Kreisgruppe Bergstraße

BUND befragt Parlamentarier zu TTIP / Vertrauensbasis für TTIP-Verhandlungen fehlt

16. April 2015 | Download

Der BUND Kreisverband Bergstraße hat 12 Fragen zu den geplanten Freihandelsabkommen TTIP, CETA und TISA formuliert und an die Bergsträßer Abgeordneten im hessischen Landtag, im Bundestag und im Europaparlament mit der Bitte um Beantwortung geschickt.

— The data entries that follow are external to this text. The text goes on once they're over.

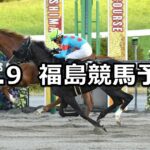 【奥羽ステークス】2024/11/9(土) 中央競馬 穴馬予想(福島競馬)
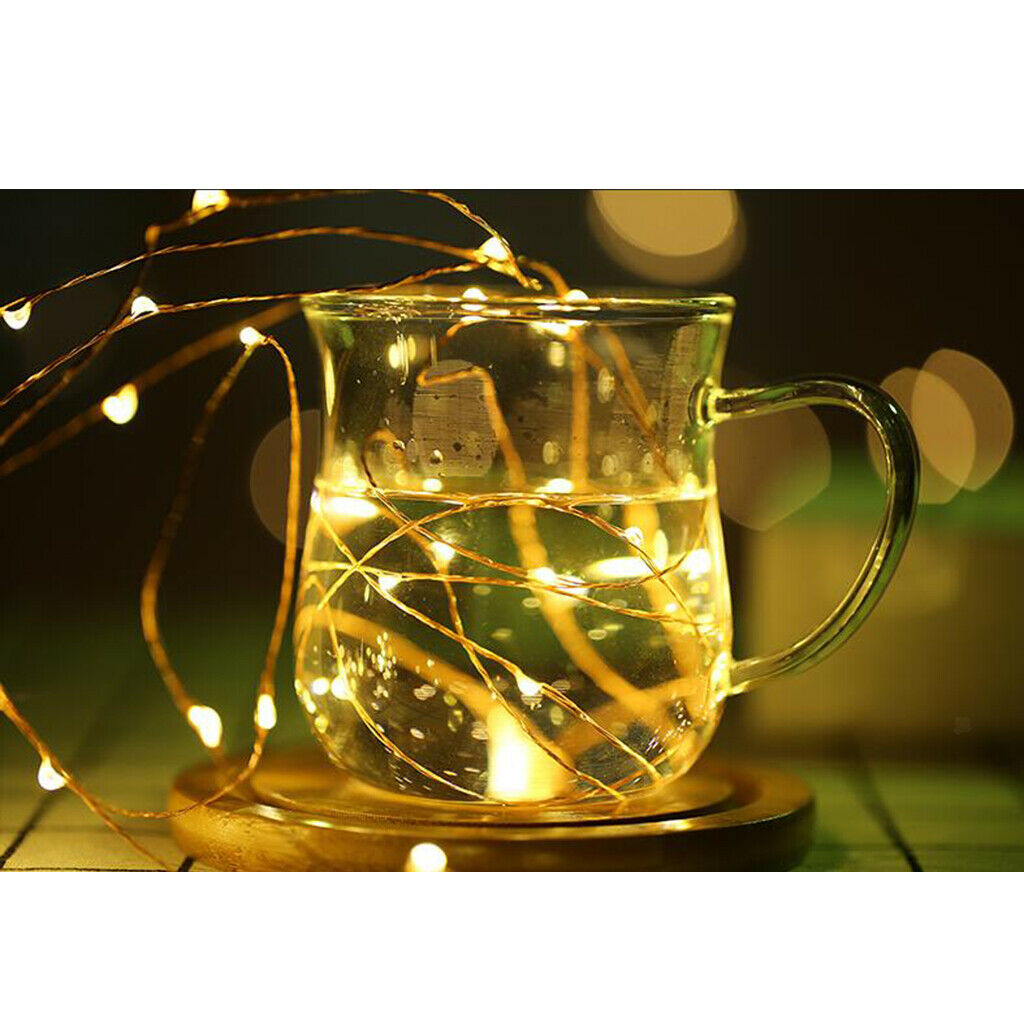 LED Copper String Light Holiday decoration b Warm White_2m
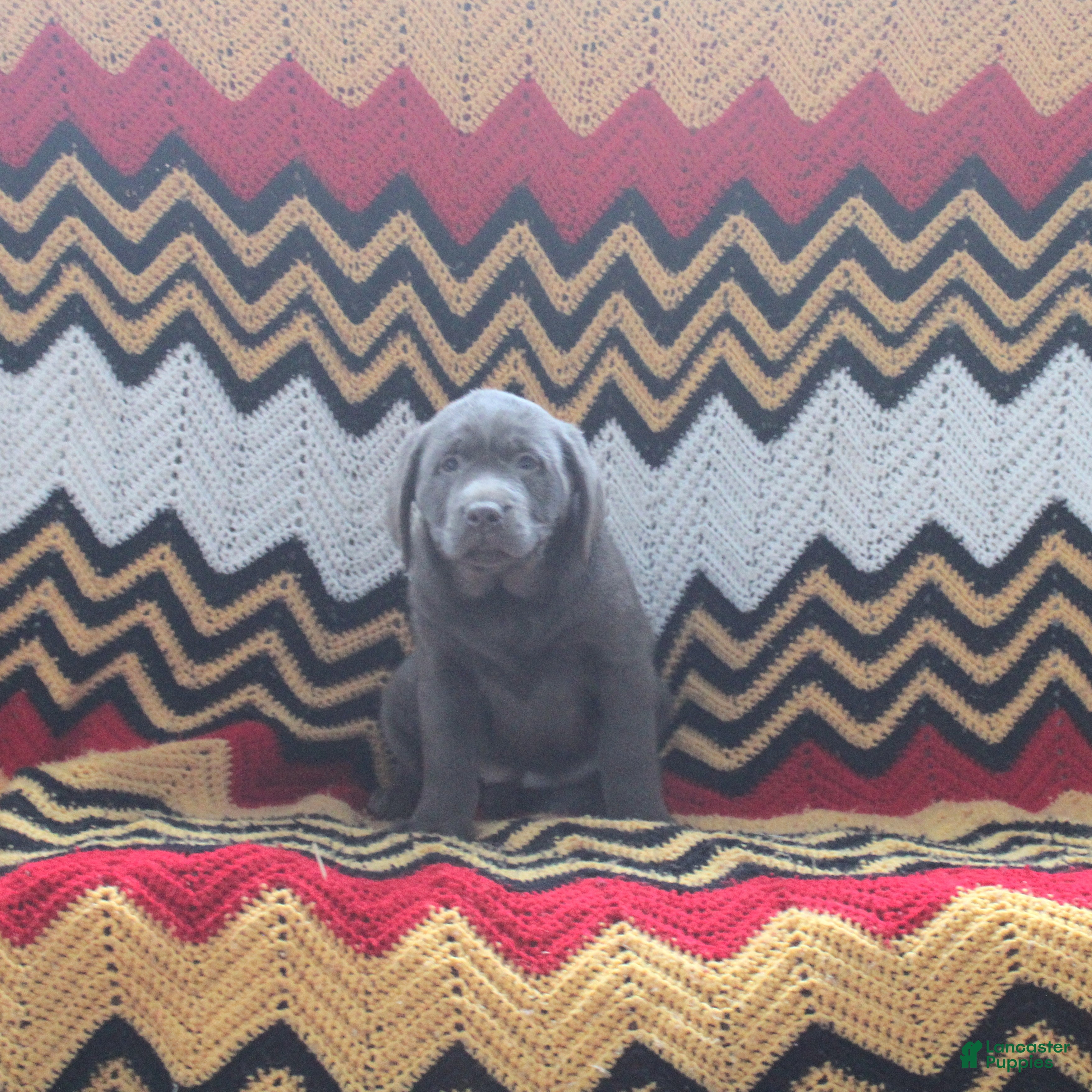 Labrador Retriever dogs Fiona - Ad 42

Leider haben nicht alle angeschriebenen Abgeordneten dem BUND-Kreisverband Bergstraße geantwortet. Die Antworten seitens der SPD-Bundestagsabgeordneten Christine Lambrecht wurden auch von den anderen SPD Abgeordneten unterzeichnet. Seitens der CDU hat nur Dr. Michael Meister geantwortet, bei der FDP hat die Landtagsfraktion geschrieben. Von den Grünen und der Linkspartei wurde auf noch offene Diskussionen und die bisherigen Veröffentlichungen der Landespartei verwiesen. Die vollständigen Antworten der Abgeordneten stellt der BUND Bergstraße unter www.bund-bergstrasse.de zur Verfügung.

„Auch wenn einige Punkte geklärt wurden, fehlt nach wie vor die Vertrauensbasis für die Verhandlungen“, bleibt Willy Welti, TTIP-Experte des BUND Bergstraße, auf kritischer Distanz. Die Antworten der Abgeordneten unterscheiden sich teilweise erheblich. Das ist bemerkenswert, denn TTIP ist ein völkerrechtlich bindender Vertrag, der weit in die Rechte der Bürger und in den Schutz der Umwelt eingreift. Der BUND Bergstraße hält daher nach wie vor die Informationen und die öffentliche Diskussion über die einzelnen Punkte der geplanten Abkommen für unzureichend und den Einfluss der Umwelt- und Verbraucherverbände für zu gering.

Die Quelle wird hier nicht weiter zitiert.